De todas maneras la polémica se ha suavizado después de casi diez años y los visitantes la contemplan sin resistirse a dar su opinión sobre el proyecto. Hay a quienes les gusta y hay quienes han visto en aquella solución na tomadura de pelo.
Detrás de la ermita está el Centro de Menores, que los granadinos conocer con El Reformatorio. Allí van los adolescentes que han tenido algún que otro problema con la justicia y que por ser menores de edad no pueden estar en una cárcel. El entorno se ve cuidado y hasta recámaras de coches sirven como maceteros para albergar flores. Allí, muy cerca está la Fuente del Aceituno, que atesora leyendas y que está escrito que le viene el nombre de un olivo que allí hubo que tenía la facultad de dar frutos todos los días del año. Hay en San Miguel y en su muralla un paisaje brutal y a la vez humano. Aquel paraje fue durante mucho tiempo fruto de una marginación que aún se sostiene.
A Harry le encantan las cuevas que por allí se esparcen, algunas levantadas con la imaginación que soporta la pobreza: somieres de puertas, latas como macetas y botellas de agua acumuladas que servirán para lavar la cara de los ocupantes.
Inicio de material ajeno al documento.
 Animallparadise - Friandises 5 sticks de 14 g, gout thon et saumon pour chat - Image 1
Hace unos meses, le cuento a Harry, hubo un intento de acabar con aquella clase de vida. Decenas de policías desalojaron las cuevas por orden municipal porque la salubridad no está garantizada y por el riesgo de derrumbe debido al mal estado de muchas de ellas. Le cuento a Harry que estas cuevas-madrigueras que antiguamente estaban habitadas por vecinos del Sacromonte ahora hay muchos guiris o mendigos que no tienen otro sitio al que ir. En 2007 y hace un par de años ya se cerraron varias. Ahora quedan unas sesenta diseminadas por todo el cerro.
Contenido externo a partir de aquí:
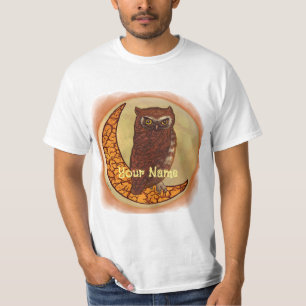 Crescent Måne Uggla t-shirts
-El problema Harry es que estas cuevas nunca han estado registradas. Solo hay seis o siete, de las cien que había. La gente vivía aquí y ya está. Ahora conocer la titularidad de ellas es difícil.
-¿Y no haber un proyecto para dar dignidad a este sitio? Personas vivir aquí como conejos.
-No lo sé Harry. De todas maneras la solución es difícil. Aquí todos han cogido el terreno que han querido y ahora no se sabe lo que es público o lo que no.
A Harry le ha producido cierto desasosiego conocer la situación de las cuevas de San Miguel. El día gris, la lluvia y la vista de unas infrahumanas viviendas provocan en él un seísmo de inquietud comparado al que provoca en cualquier alma sensible una situación de injusticia. Y Lo veo bajar del cerro sólo, cansado, pensativo y triste, como el personaje del poema de Machado. Hay días que son grises por dentro y por fuera.